Con Avengers: Infinity War si fa sul serio. Sono passati esattamente 10 anni da quel lontano film che era il primo Iron Man con un redivivo e rischiosissimo Robert Downey Jr.
Dieci anni e una serie infinita di film e eroi: Thor, Hulk, Black Panther, I Guardiani della Galassia, Capitan America, Spider man, Doctor Strange…
Ora siamo giunti finalmente al capolinea, alla resa dei conti finale, allo scontro con il più malvagio, spietato e geniale villain dei cinecomics: Thanos.
Dalla nascita dell’universo, sei gemme elementari rappresentano i vari aspetti fondamentali del cosmo e chi riuscisse ad unirle tutte raggiungerebbe l’onnipotenza. Questo è in sostanza lo scopo del potente titano, con l’obiettivo di sterminare l’intero universo e farlo ripopolare per debellare la fame e la povertà.
Da un certo punto di vista Thanos è forse il cattivo più politico e con una sua idea (chiaramente del tutto sbagliata) per sconfiggere i mali del mondo: un genocidio imparziale, che non prevede distinzioni tra ricchi e poveri.
Gli Avengers e i Guardiani della Galassia dovranno cercare di fermarlo, ma come se non bastasse ci sono dalla parte nemica armate aliene e quattro letali “figli”, ognuno deciso a consegnargli le gemme dell’infinito.
I registi, i fratelli Russo firmano un film che ha tutto quello che finora era mancato agli altri Marvel movie: l’epica e lo spettacolo di scontri davvero impressionanti, con grande sfoggio di superpoteri.
Il villain interpretato da Josh Brolin attraverso la magia del performance capture era già apparso al termine del primo Avengers e brevemente in Guardiani della galassia.

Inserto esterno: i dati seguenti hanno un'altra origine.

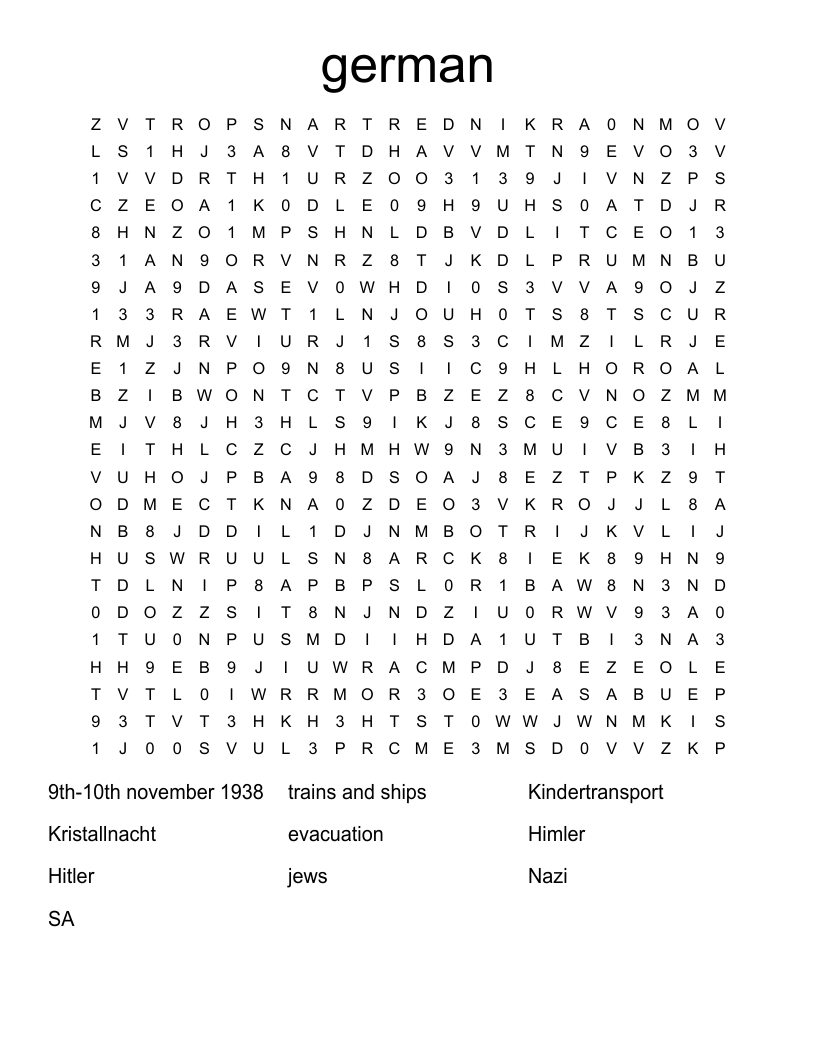 german Word Search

Ora entrerà finalmente in scena, prendendosi giustamente gran parte dei consensi positivi.
Thanos riesce a dimostrare una crudeltà ad alti livelli e una fragilità d’animo mai viste in un cattivo.

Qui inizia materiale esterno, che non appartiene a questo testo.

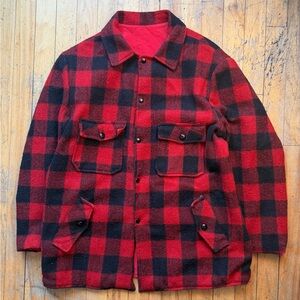 Vintage early 70s reversible buffalo plaid and red canvas  jacket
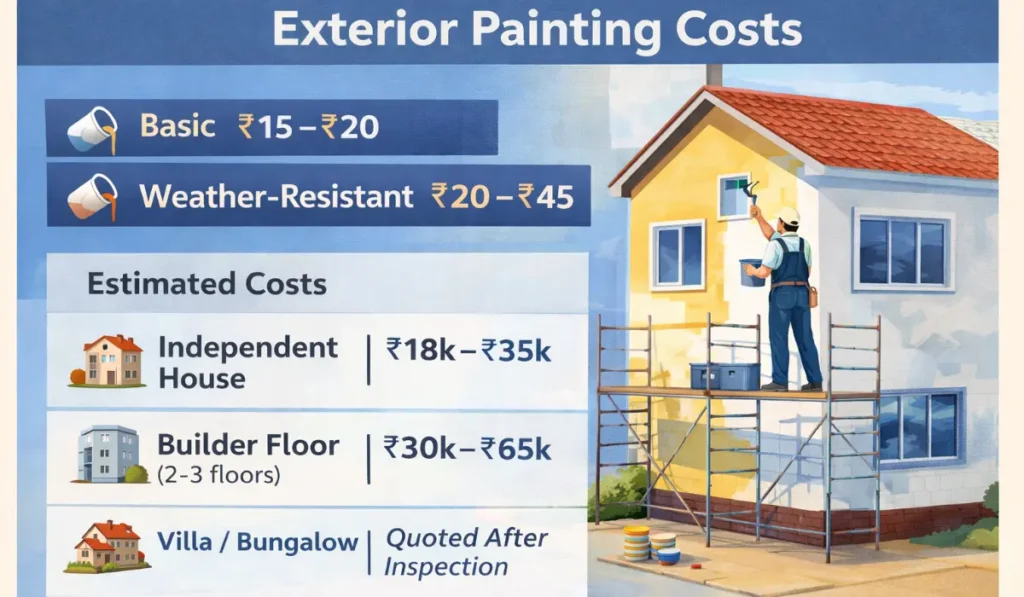 exterior painting cost in Delhi NCR explaining infographic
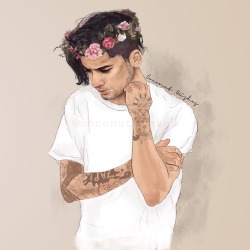 coconutwishes:I started this drawing when I found about Zayn, but I couldn’t finished till now. It was like a thank you drawing for him, but idk how I feel now about the situation. Anyway! Here floral crown Zayn :) 🌸🌸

Nonostante il film possa essere più riuscito del previsto e forse il migliore della saga Marvel, esso arriva dopo altri titoli che vive di personaggi già definiti, ognuno con la propria storia, ma nonostante ciò ci stupisce riuscendo a farceli cogliere in una dimensione del tutto nuova (come la vera perdita) e rendendoceli umani e quindi anche degli sconfitti.